Extracted data
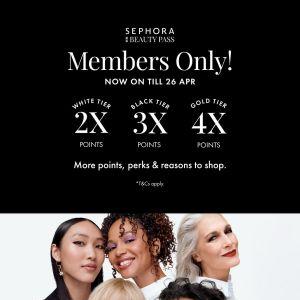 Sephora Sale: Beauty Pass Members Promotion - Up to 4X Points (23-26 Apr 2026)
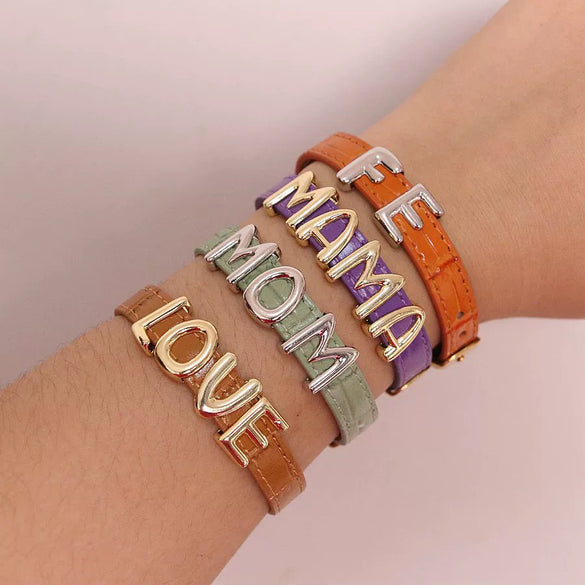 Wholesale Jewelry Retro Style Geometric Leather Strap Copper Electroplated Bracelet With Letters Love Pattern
---
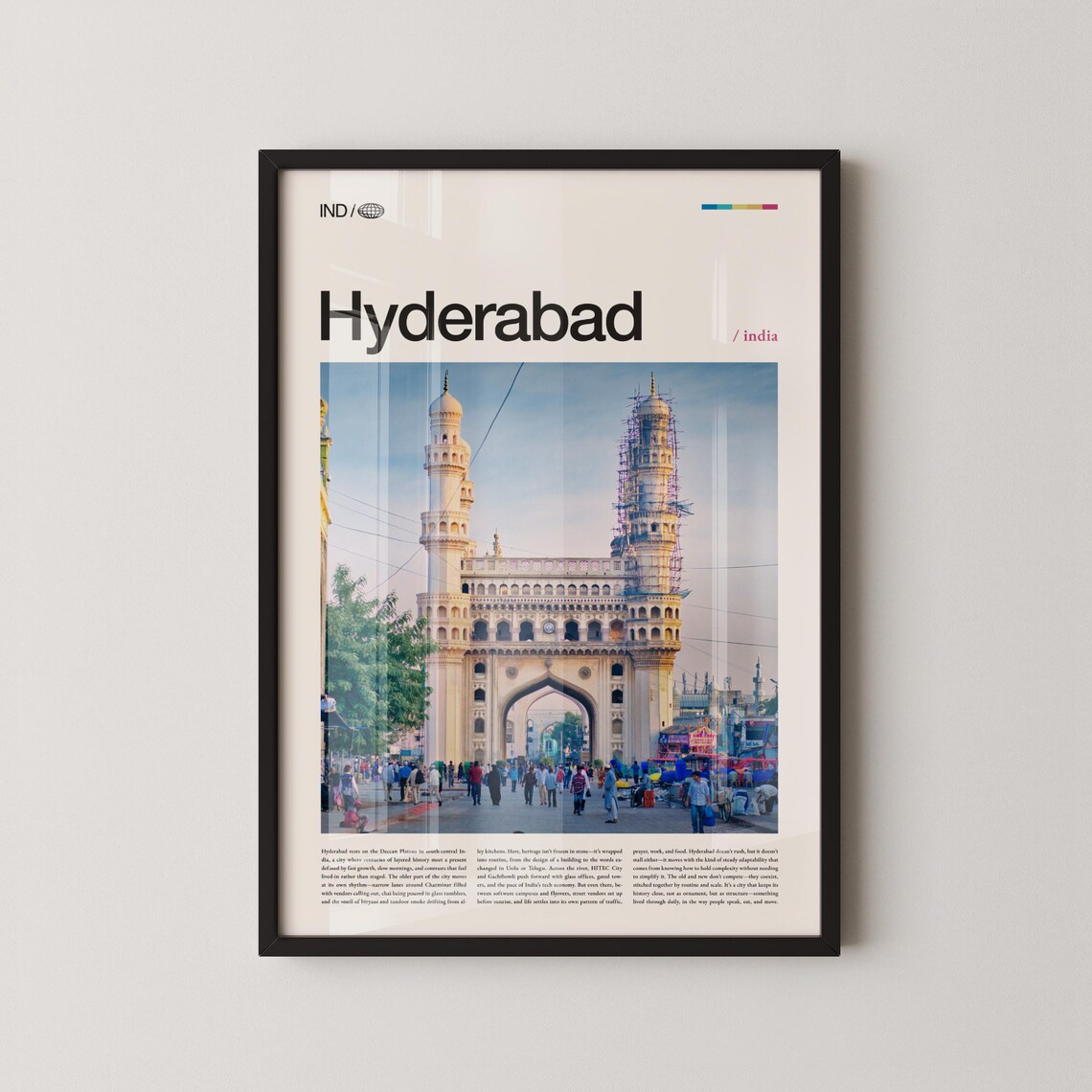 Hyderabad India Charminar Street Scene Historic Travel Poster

What to produce
In the records above, find the line with "Sephora Sale: Beauty" and the line with "Wholesale Jewelry Retro"; please transcribe exactly those two lines and all lines between them, omitting any picture.

Solution below
 Sephora Sale: Beauty Pass Members Promotion - Up to 4X Points (23-26 Apr 2026)
 Wholesale Jewelry Retro Style Geometric Leather Strap Copper Electroplated Bracelet With Letters Love Pattern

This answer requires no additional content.